Pods stuck in "Pending" state due to volume node affinity conflict
Environment
- Red Hat OpenShift Service on AWS (ROSA)
- 4
- Red Hat OpenShift Dedicated (OSD) on AWS
- 4
- Red Hat OpenShift Container Platform (OCP) on AWS
- 4
Issue
- Pod could not be scheduled on nodes due to the following error:
0/14 nodes are available: 1 Insufficient cpu, 3 Insufficient memory, 3 node(s) had taint {node-role.kubernetes.io/infra: }, that the pod didn't tolerate, 3 node(s) had taint {node-role.kubernetes.io/master: }, that the pod didn't tolerate, 4 node(s) had volume node affinity conflict.
- Pods stuck in the "Pending" state due to volume node affinity conflict.
- Pods are in "Pending" state after cluster upgrade.
Resolution
EBS volumes in AWS are tied to a specific Availability Zone (AZ). When a Persistent Volume (PV) is created and backed by an EBS volume, it is inherently created within a specific AZ. Openshift uses the concept of volume node affinity to ensure that Pods using a given PV are scheduled within the same AZ where the EBS volume exists.

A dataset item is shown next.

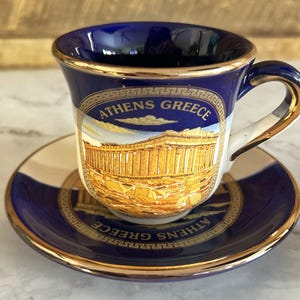 Greek 24k Tea Cup Set - Etsy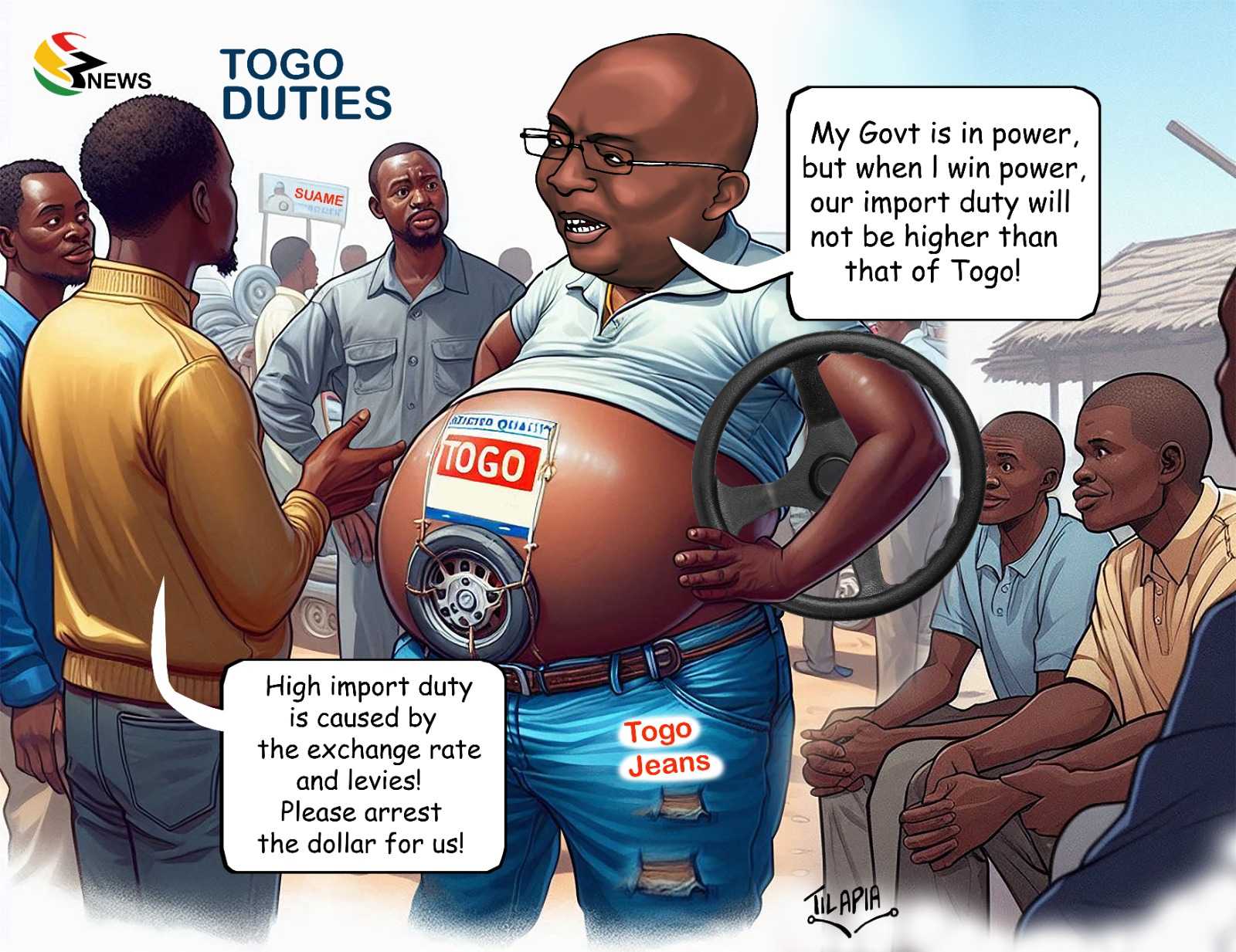 Daily Cartoon: Wednesday, 12th June - Tilapia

Now, when we have a multi-AZ Openshift cluster and a Pod is scheduled in an AZ different from where the EBS volume exists, the Pod won't start because EBS volumes are not accessible across different AZs. This is known as the "volume node affinity conflict".
This can be resolved by choosing any one of the below options:
Option 1:
Increasing the number of nodes in the AZ where the EBS volume is located. This would allow the pods to be scheduled in the same AZ as the EBS volume. (Recommended)
Option 2:
Identify the currently available nodes in the AZ where the EBS volume is located and free up some resources from that node by moving some pods to a node available in different AZ.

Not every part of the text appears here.